Proxy World Models: “Learn an abstraction of the world”

Finally, we sometimes hear the statement “LLMs have a world model inside.” This is motivated by research such as Emergent Representations of Program Semantics in Language Models Trained on Programs (August 2024). There is evidence for language models forming internal representations of simple world state.

However, this notion of world state is simplistic compared to what is required for a ‘neural simulation model’. Models trained this way might be able to reason about how fluid moves, but would not be able to demonstrate a pattern of vortex shedding. At best the models learn a proxy for underlying phenomena through language.

This category of models is simply Language Models as we know them today, with all the amazing things they can do.
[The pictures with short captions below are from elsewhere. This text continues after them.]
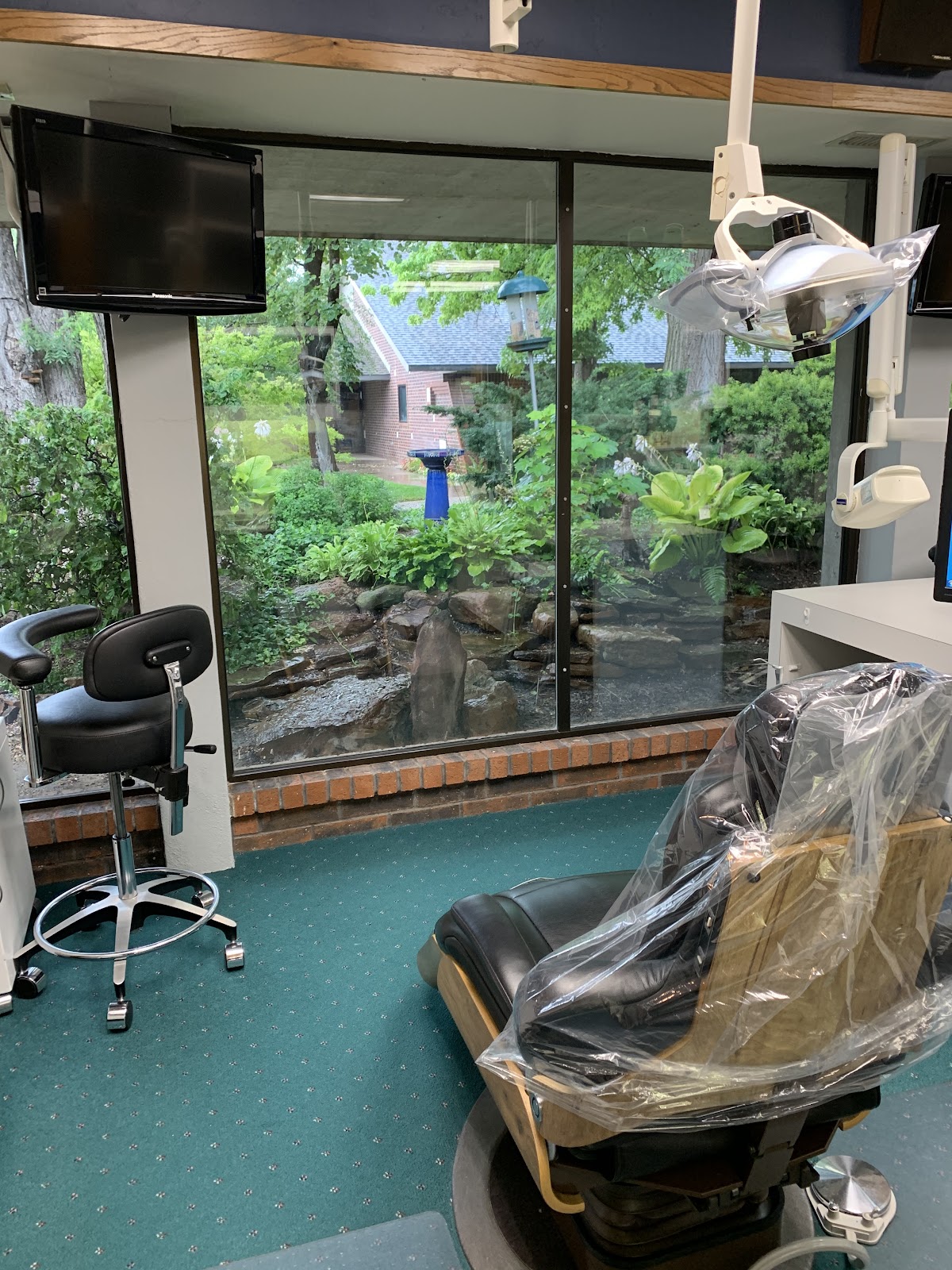 Enid Dental Care photo 2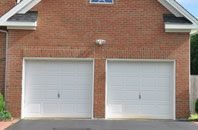 free Cold Newton garage extension quotes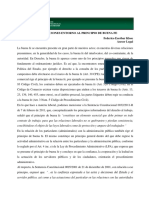 Analisis Legal Semanal No. 84 PDF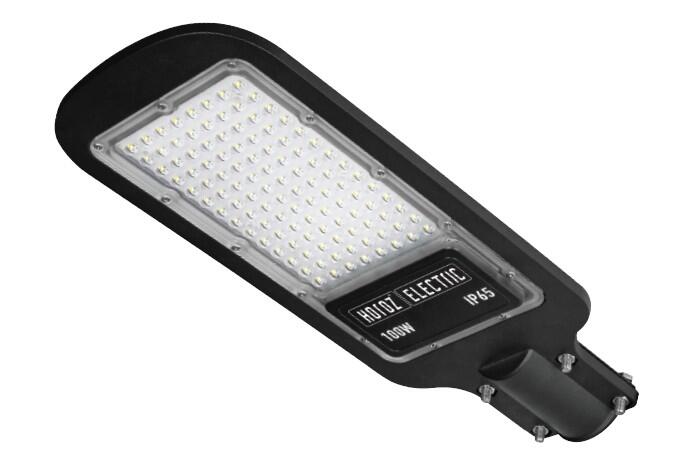 LED204029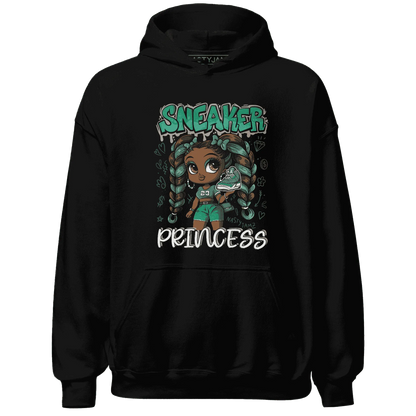 Nina-CN-Abney-3s-Hoodie-Match-Sneaker-Princess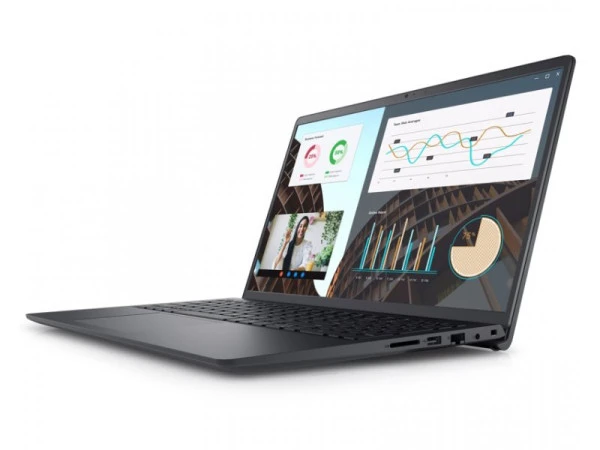 NB Dell Vostro 3530 i3-1305U16GBM.2 512GB15.6FHDWin11ProGLANENG5Y (3)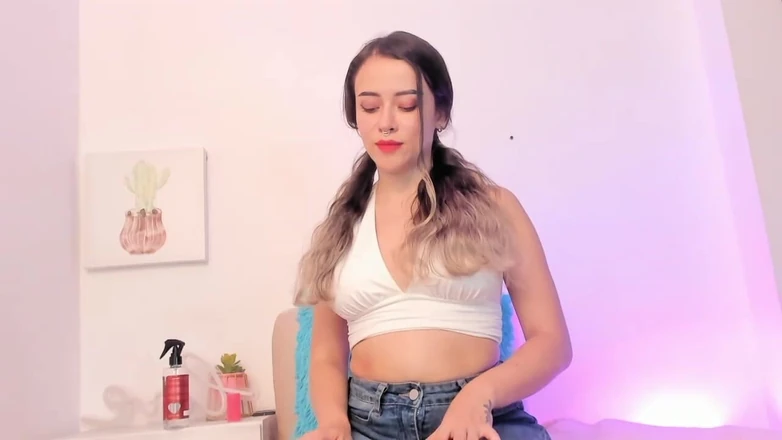 I Can't Get the Desire to Exempt Me When They Talk to Me for Chat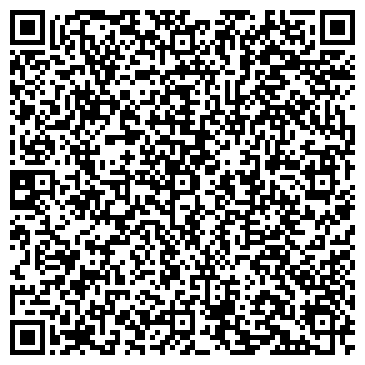 QR-код с контактной информацией организации ИП Акимов С.А.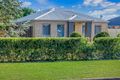 Property photo of 76 Martin Street Dunkeld VIC 3294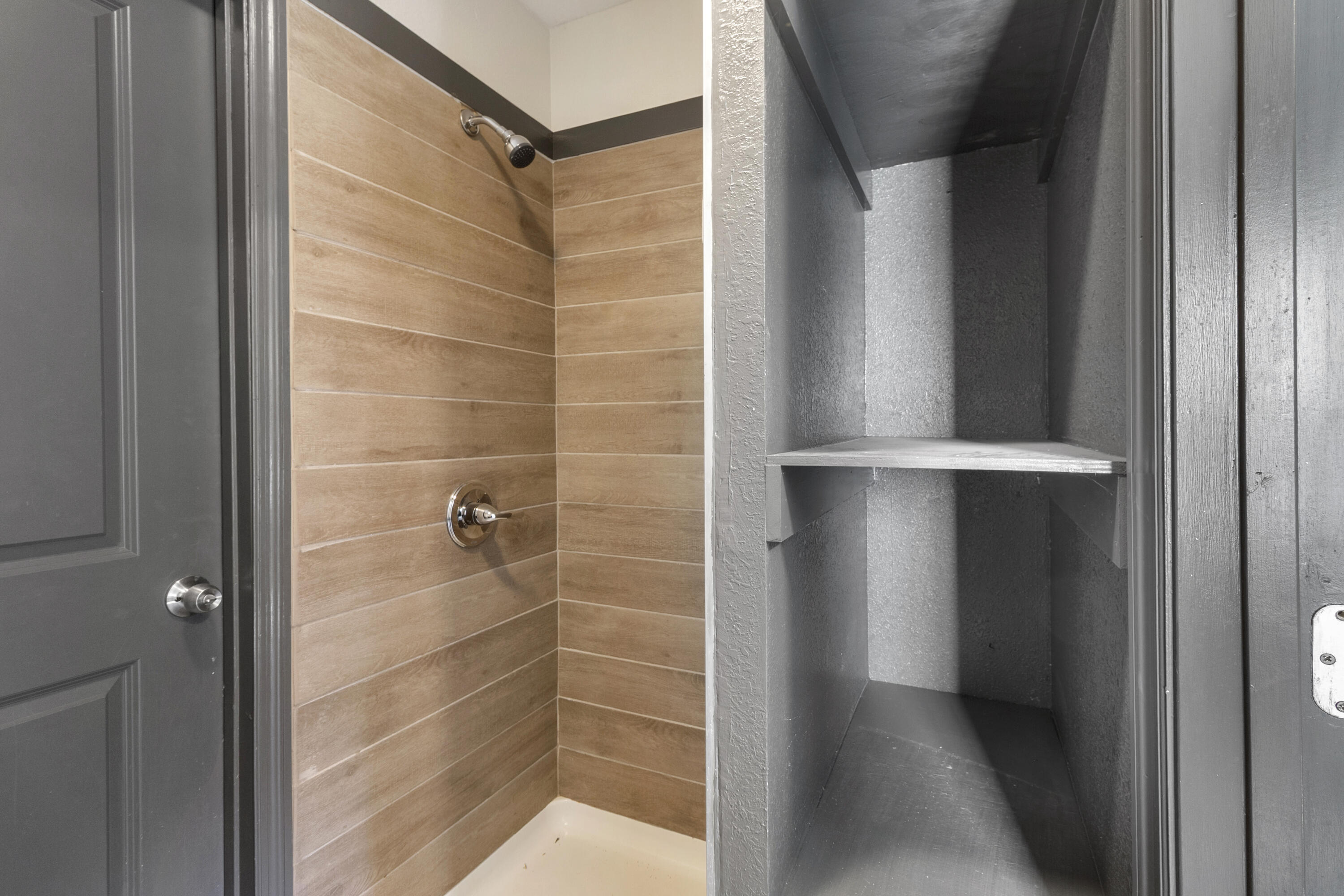 3130 Pleasant Grove Church Road Southwest McDonald, TN 37353 - Photo 14 of 25 IMG_8944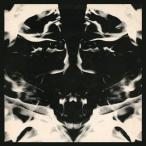 輸入盤 MOTT THE HOOPLE / MAD SHADOWS （2019 REISSUE） [LP]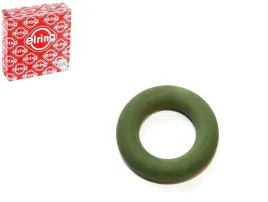 uszczelnienie-doplyw-oleju-doladowanie-284-900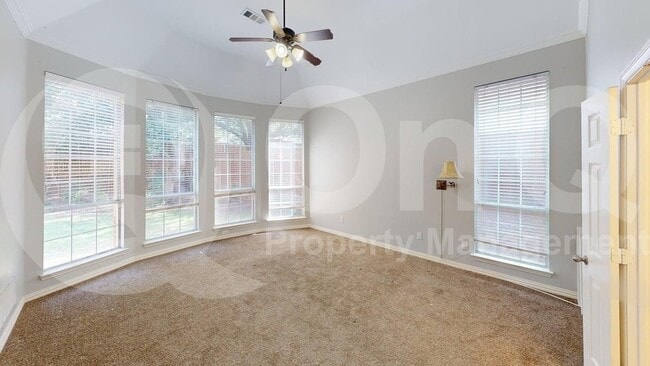 Building Photo - 4536 Brenda Dr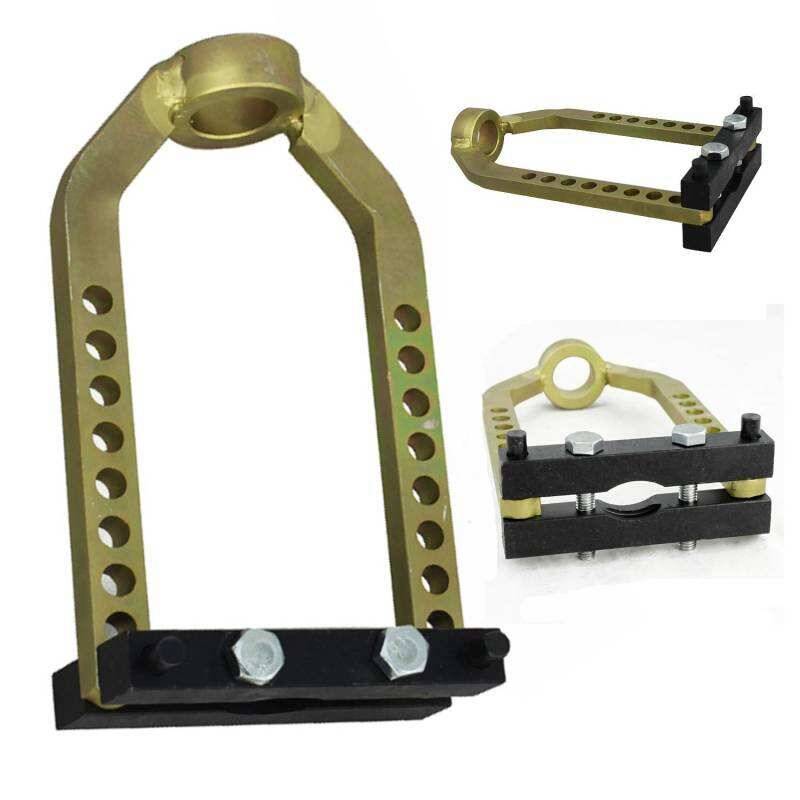 Gelenkwellen Abzieher Sonstige Handwerkzeuge Antriebswelle Antriebswellen Werkzeug Auszieher Universal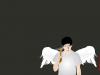 Falcom Dj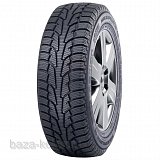  Nokian Hakkapeliitta CR Cargo 235/65 R16C R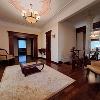 Продам квартиру в Волгодонске по адресу Гагарина ул, 8а, площадь 213.6 кв.м.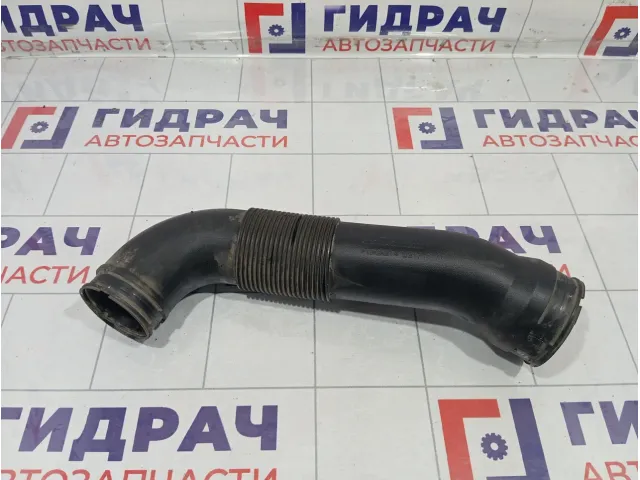 Патрубок воздушного фильтра GAC GS8 2030004CAD0000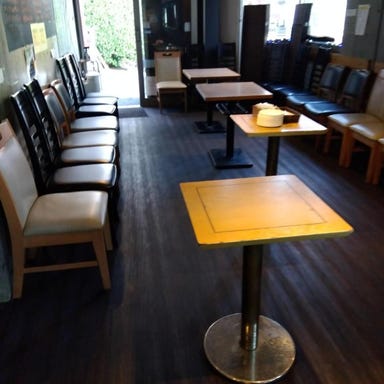 Li‐bero リベロ_大宮駅すぐ!貸切&宴会におすすめ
We are excited about the shift of world models from single-domain to general-purpose utility

Autonomous driving was solved on the basis of 1) predicting the world, and 2) learning the right behavioural response to the situation. Solving this was a huge frontier AI research challenge. This investment has been worth it, with the industry now shifting into a scaling phase.

World models formed the foundation on which autonomous driving was built, predicting potential futures. Excitingly, they offer the straightest path to a future of multimodal, autoregressive models which learn causality from observations.

This is the most general form of intelligence, bringing together vision, audio, and language. The model learns from an immense scale of observations of the real world, as well as synthetic observations where we have a desire to deviate from reality or augment model performance.

In this future, rather than getting a text box for interaction with AI, you will be presented with a stream of intelligent pixels.

It’s easy to imagine all the ways these ‘intelligent pixels’ will transform our lives. Robotics and entertainment are obvious examples of industries which will change through these models, however this is only the start. This is really the birth of the Holodeck, and world models are the foundational technology underpinning this future.

Want to go deeper?

The second pre-training paradigm, Jim Fan (February 2026)
The flavor of the bitter lesson for computer vision, Vincent Sitzman (February 2026)
Should we predict pixels for world models in robotics? Anirudha Majumdar (February 2026)

I also recommend reading the origins of world model research. Originally, world models were developed for single domains, such as autonomous driving, RL test environments, or platform games. Most of these models have not been released publicly. This is changing, with Genie 3 and Odyssey-2 both being released and having a broad degree of applicability. There are differences in model capabilities being prioritised between frontier labs, though we expect these to converge.